Çinliler bu durumdan yararlanarak ayrılığı körüklediler. Doğu Göktürk Hakanı İşbora Çin'e saldırıya hazırlanırken, Çinliler de Batı Göktürk Kağanı olan Tardu'yu destekleyerek iki Göktürk devletinin arasını açmaya çalışıyorlardı. Çinliler Tardu'yu destekledikleri için, İşbora Çin'e karşı ortak savaşı önerdiğinde Tardu bu öneriyi dikkate almadı. Çin elçilerinin sürekli armağan ve iyi niyet mesajları sonucunda da Doğu Göktürklerin egemenliğini tanımadığını açıklayarak Göktürk İmparatorluğu'nun parçalanmasına yol açtı.

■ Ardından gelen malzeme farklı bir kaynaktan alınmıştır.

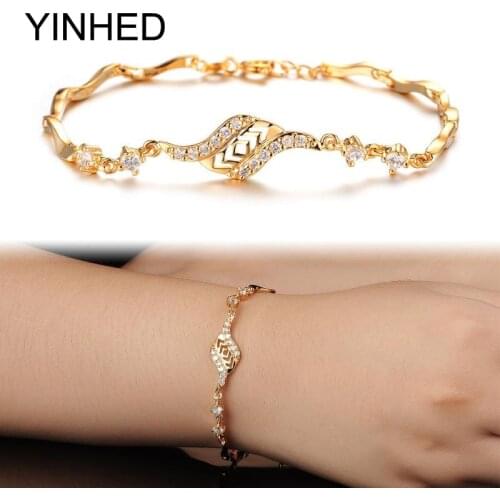 YINHED Fashion Women Bracelet High Quality AAA+ Cubic Zirconia Bracelet Gold Color Jewelry Wedding Bangles Bracelets ZB425
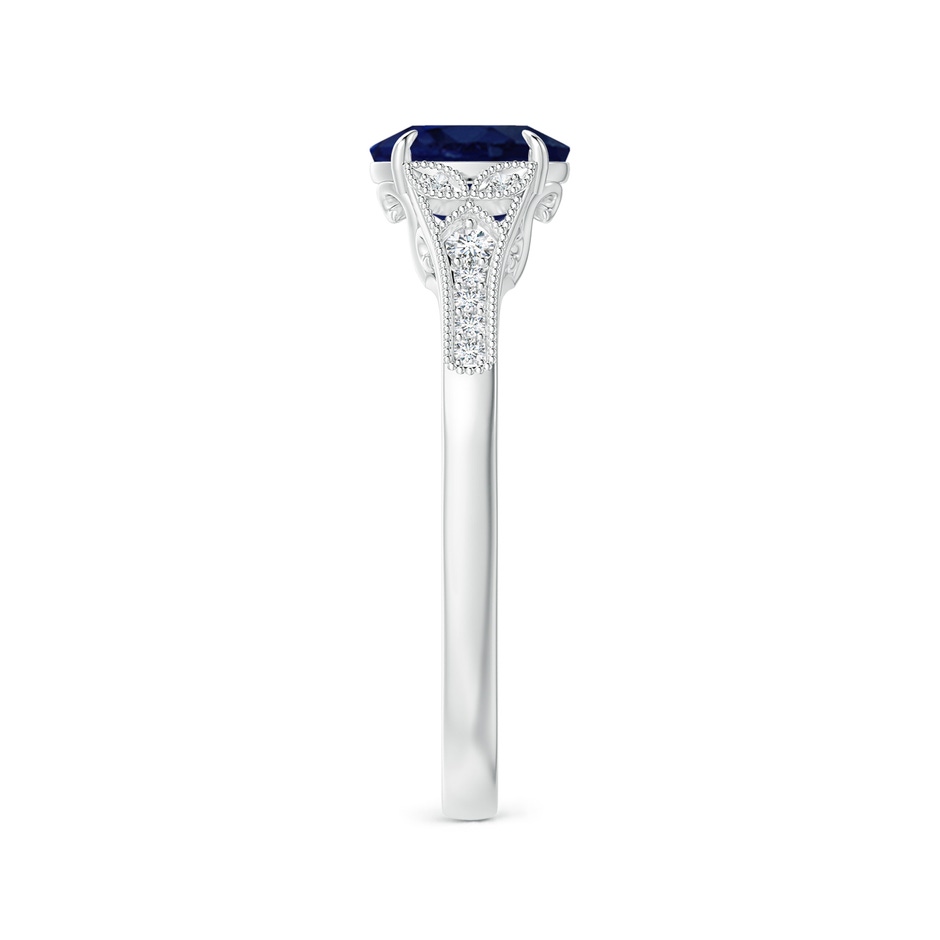 7x5mm A Aeon Vintage Inspired Oval Sapphire Solitaire Engagement Ring with Milgrain in White Gold side 299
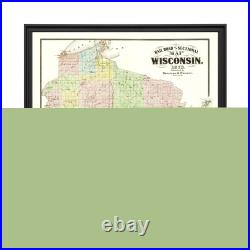 Old Map of Wisconsin 1873 Vintage Wisconsin Art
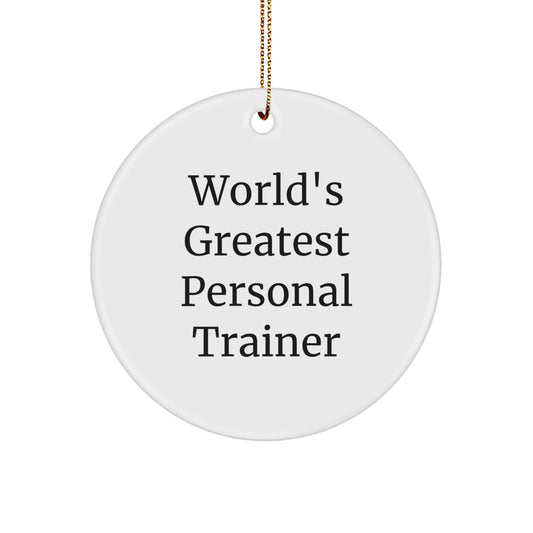 Funny Personal Trainer Gifts from Friends for Men - World's Greatest Personal Trainer Circle Ornament for Christmas Unique Decorations - Image 1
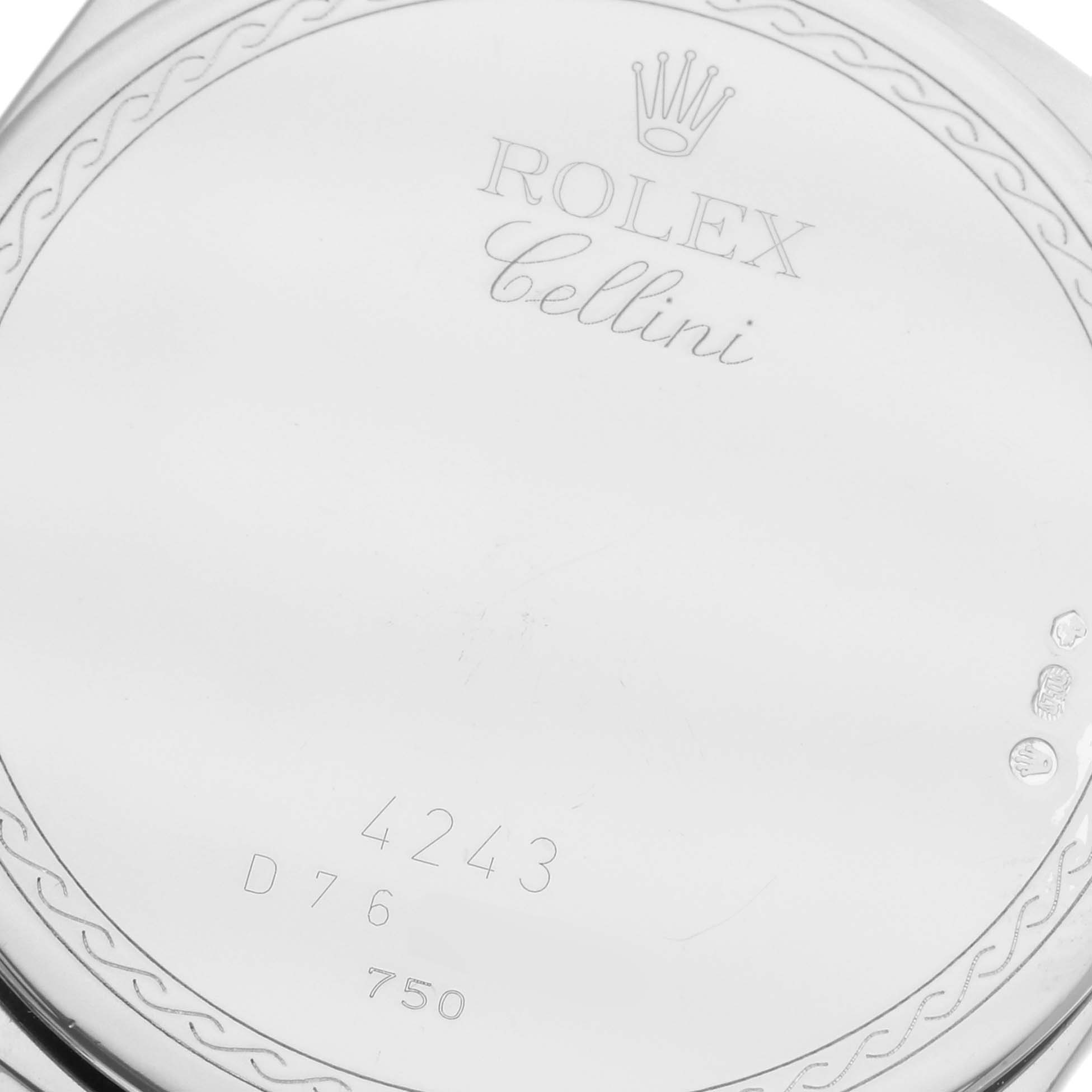This image shows the back of a Rolex Cellini 4243 Men's White Gold White Dial 4243 Men's White Gold White Dial watch, featuring engraved details including the model number 4243, and brand markings.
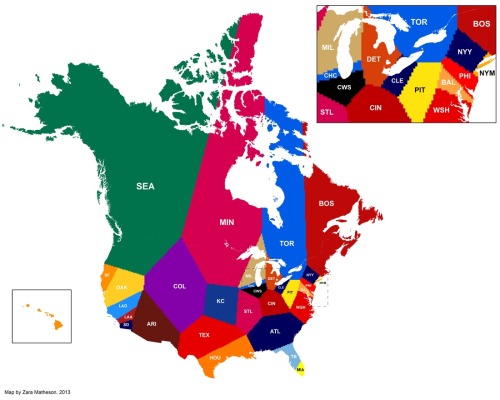Mapping baseball fans as a series of nation states in the US and Canada.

İşbora'nın karısı ise Chou hanedanından geliyordu ve kocasını sürekli Çin seferine zorlayarak kendi hanedanının intikamının alınmasına çalışıyordu. İşbora'nın Çin seferine çıkması üzerine Çin ipek ticaretini kesti ve Göktürklerin onbin kadar tüccarını sınır dışı etti. İşbora'nın başarısızlığa uğraması karşısında bazı küçük kağanlar da Tardu'nun yanına geçtiler ve böylece iki Göktürk devleti arasındaki düşmanlık iyice körüklenmiş oldu. Ticaretin engellenmesi Göktürkler arasında açlık ve yoksulluğun doğmasına yol açtı. Kendine bağlı boyların batı devletine sığınması üzerine İşbora Kağan yalnız kaldı. Doğu'dan gelen Kitayların baskısı üzerine Doğu Göktürk devleti 585'te Çin koruması altına girdi. Göktürk İmpartorluğu'nun parçalandığı ve bağlı boyların Çin'e göç etmeye başladıkları dönemde, 587'de, İşbora öldü. Yerine geçen Yehü ve Tülan dönemlerinde de durum düzelmedi. Çinli prenseslerin yardımlarıyla Çin elçileri Göktürkleri içerden çökertmek için her şeyi yaptılar. 609 yılında başa geçen Şipi, Göktürklerin onurunu biraz olsun kurtarabildi. Doğu devletinin toprakları üzerindeki karışıklığı giderdi. Batı'da Tibet'e kadar, Doğu'da ise Amur ırmağına kadar yeniden bir egemenlik düzeni kurdu. Bir süre sonra Çin'e yeni saldırı için hazırlanırken, Çinli prenses ve elçilerin oyunu ile başarılı olamadı. Çin ordusunu kuşatmasına rağmen ülkede ayaklanma çıktığı söylentisi üzerine geri döndü. Şipi'nin başarısı üzerine Çin karıştı ve Doğu Göktürk devletine sığınmalar görüldü. Şipi'nin yerine geçen Çulo, kardeşinin sert tutumunu izlemeye kararlı görünüyordu, ne var ki karısı Çinli prenses onu kısa zamanda zehirleyerek öldürdü. Yerine geçen Kili ise karısının denetimi altında iktidarsız bir adamdı ve bu nedenle Doğu Göktürk devleti topraklarında birçok boy ayaklandı. Çinliler de öldürücü karşı saldırılara geçtiler ve Çin İmparatoru kendisini Türklerin Gök Kağanı ilan ederek 630 yılında Doğu Göktürk devletini resmen yıktı.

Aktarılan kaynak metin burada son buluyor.